Performance characteristics
1. Dry vaporized hydrogen peroxide (VHPS*) sterilization, reaching the 6-log spore killing level, with the function of monitoring and controlling the concentration of hydrogen peroxide;
2. The interior of the cabin is cleaned by manual wiping, and there is no dead angle;
3. The VHPS concentration in the cabin after ventilation is less than 1ppm, which can meet the VHPS residual concentration detection;
4. After sterilization, the cabin body is in full compliance with GMPA level cleanliness standards, and online dust particles and planktonic bacteria sampling systems can be integrated and installed;
5. The cabin body pressure reduction test, under 2 times the test pressure, the hourly volume leakage rate is less than 0.5%; it has a leakage alarm function;
6. The isolator can be adjusted according to the needs of use-80pa~80pa, the normal product maintains 40pa~60pa during aseptic operation, the pressure is maintained to the set value ±5pa under static conditions, and the two modes of positive pressure and negative pressure can be preset and stored , Adjust according to demand;
7. The system design meets the requirements of GMP, 2015 Pharmacopoeia, USP/EP, and the control system can meet the 21CFR part11 electronic signature and electronic record requirements;
Specification
If you are interested in this, please contact me: Nana Zhang
Cell Phone: 0086-15800947006
https://medigrade.en.made-in-china.com/ made-in-china.com
The hard cabin laminar flow type aseptic isolator is a hard-walled structure composed of stainless steel and tempered glass, and the internal environment is dynamic A-level.
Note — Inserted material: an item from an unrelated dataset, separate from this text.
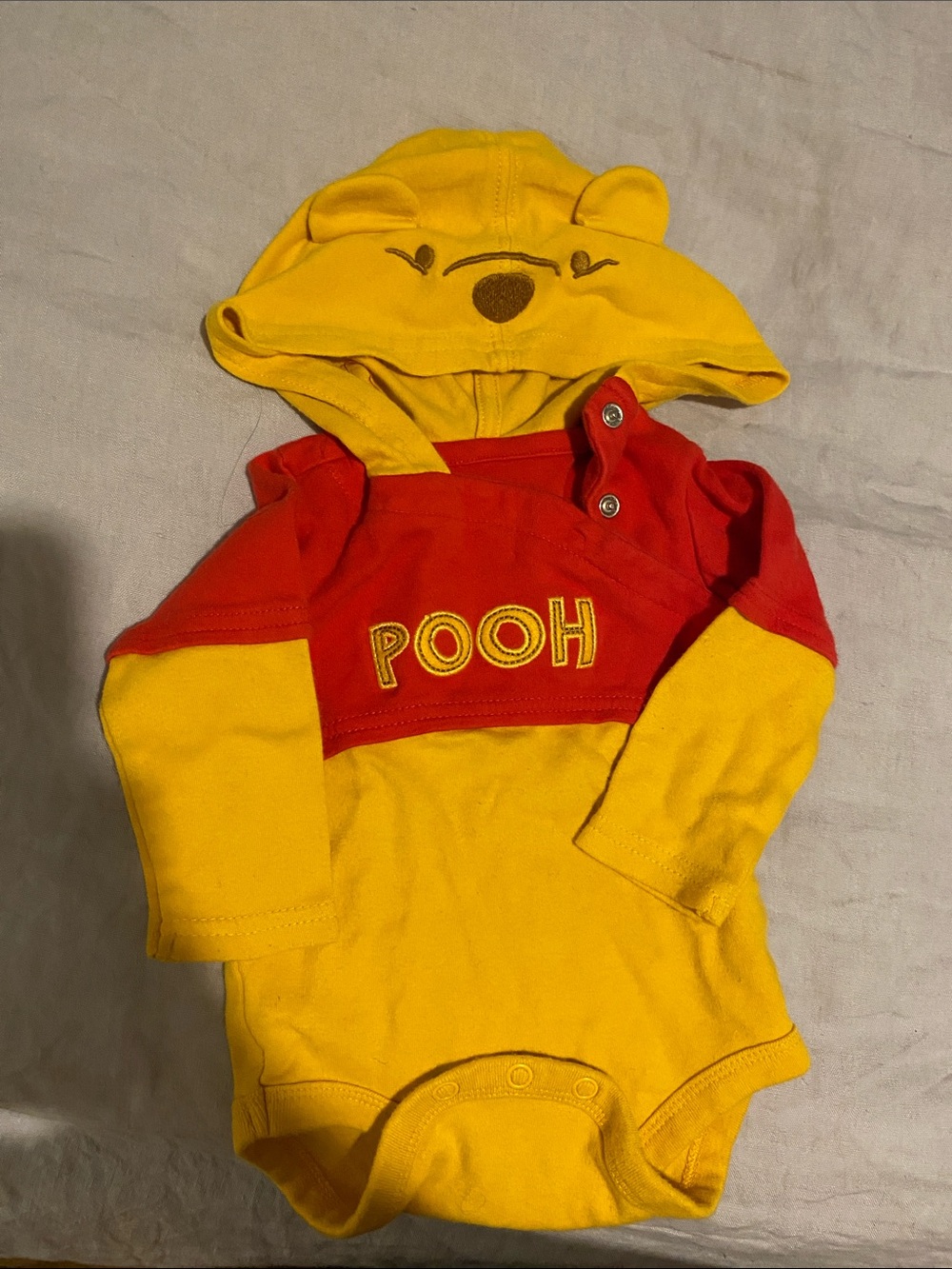 Winnie the Pooh Hooded Baby Bodysuit - Yellow & Red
Use gloves for operation. The gloves can be thickened and anti-breakage or thin and high-feeling; the system is equipped with a Siemens logic controller (PLC) for fully automatic control of pressure and air flow, and has a pressure loss alarm function. Industrial-grade tablet computer control meets the verification requirements of the 2010 version of the GMP computer system.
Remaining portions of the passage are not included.